Logan Lucky
Una storia d’amore tra Soderbergh e il cinema che trasmette, ancora una volta, il piacere infinito di fare film.
Steven Soderbergh è un regista a cui piace far cinema.
Sembra un inutile pleonasmo certo, eppure da Sesso, Bugie e Videotape fino a Logan Lucky, la prima sensazione che emerge dalla sua filmografia è il piacere infinito di giocare al cinema, di scrivere, di mettere in scena, perfino di montare e di concepire film: pensare in grande senza mai sentirsi grande, arrivare al cuore stesso delle immagini fingendo un cinema medio che pare somigliare a tutto ma si scopre alieno a ogni cosa. Si diverte, Soderbergh e si è sempre divertito. E’ l’autore che più ha messo in discussione qualsiasi vecchia politica degli autori, perché i suoi film rifuggono qualsivoglia intellettualismo o gabbia in cui incasellarli. Un trasformista, abbiamo detto una volta - per come riusciva a cambiare pelle di film in film - un dissidente, diremmo oggi - per come resiste alle mode e regala un cinema ludico e politico restio ai compromessi. Soderbergh mastica film e produce film, perfino quando fa tv. Annuncia un addio al grande schermo per riprendersi dai suoi effetti collaterali salvo poi tornarci quattro anni dopo, reclutando una squadra di sempliciotti imbruttiti e magnifici, lontani anni luce dal fascino cool di Clooney, Pitt e compagnia bella - Logan Lucky si diverte a sbeffeggiare, prima di tutto, proprio la trilogia di Ocean.

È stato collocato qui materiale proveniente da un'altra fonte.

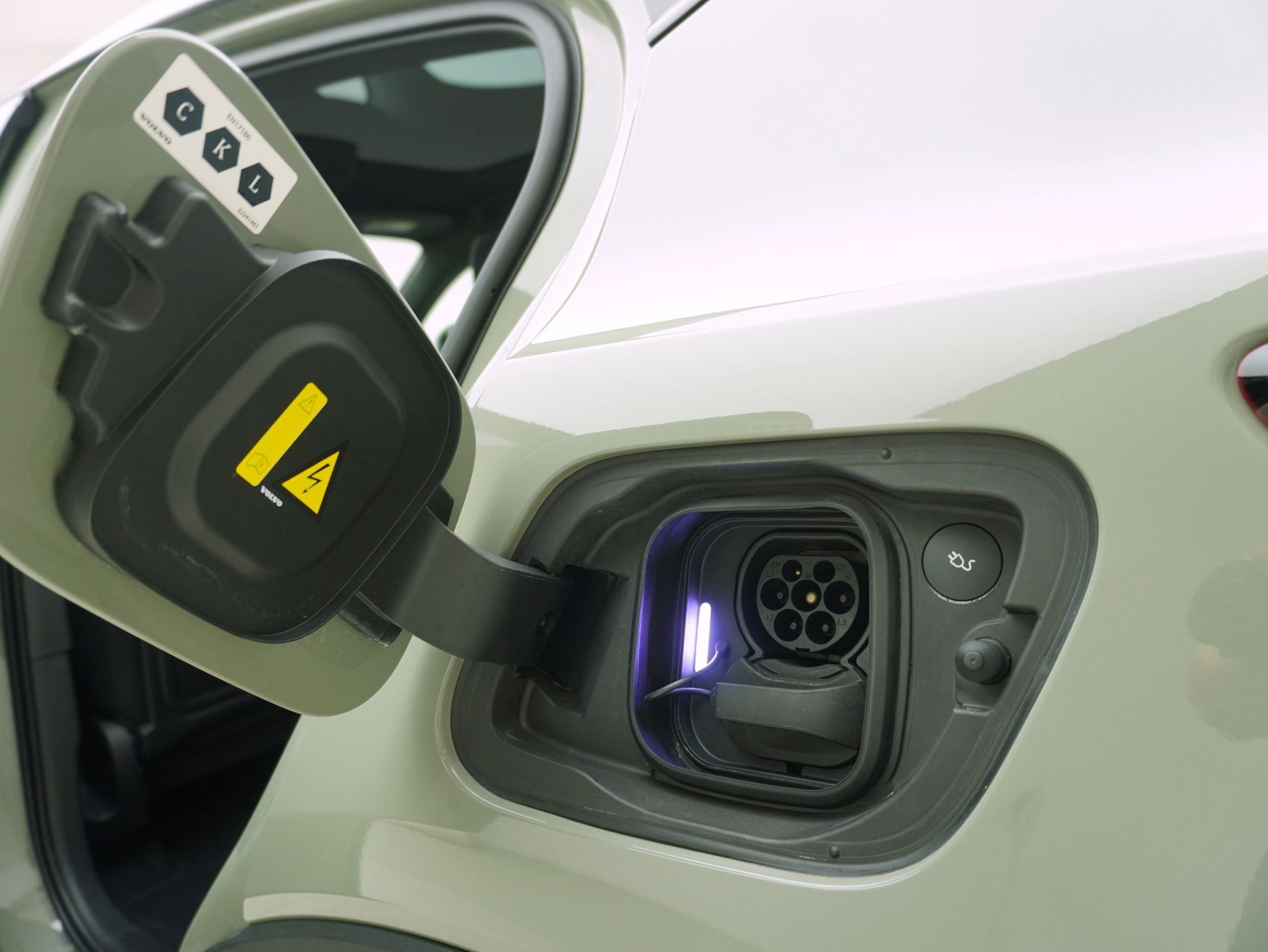 VOLVO C40 P8 Twin Recharge AWD-image-7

Daniel Craig diventa la simpatica canaglia biondo platino con cui dimenticare 007; Channing Tatum il corpo attoriale perfetto con cui esplorare le superfici dell’America operaia che deve risvegliarsi dal sonno della crisi economica; Adam Driver, infine, la faccia di pietra, il residuo slapstick, l’eroe che ha combattuto per il suo paese e ha perso un braccio (una mano direbbe lui). Ancora una volta Soderbergh ritorna alla rapina perché consapevole che l’heist movie è l’indice popolare del vero, grande sogno americano: la speranza di un riscatto in grande stile, dopo la fine di tutti gli ideali.
Logan Lucky è dunque l’oggetto filmico irresistibile che seduce dall’inizio alla fine perché entra nella sublime idiozia dei circoli chiusi, dei tempi morti, dei climax capovolti in anticlimax. Perdenti del profondo Sud che si arricchiscono come nuove, sguaiate incarnazioni dell’Eroe americano. Qui ci sono macchine e Miss, reginette e carcerati, padri di famiglia e fratelli sgangherati alla ricerca di morali fasulle per difendersi dal male. E l’America, in fondo, sembra sempre la stessa, solo che il nuovo cowboy è l’idiota che conserva l’amore per il prossimo, che dona gratuitamente denaro ad inconsapevoli aiutanti, che si scopre innocente di fronte a un mondo che corre troppo in fretta. In un attimo la grande, seducente miscela soderberghiana assume tutti i crismi di un vero e proprio film di denuncia. Che denuncia, prima di tutto, se stesso e la sua totale estraneità al mondo che lo circonda, come a dire: evviva gli idioti, evviva i poveracci, evviva chi rinasce dalle proprie ceneri e reinventa il mito del fuorilegge dal cuore d’oro.
Evviva Steven Soderbergh! aggiungiamo noi.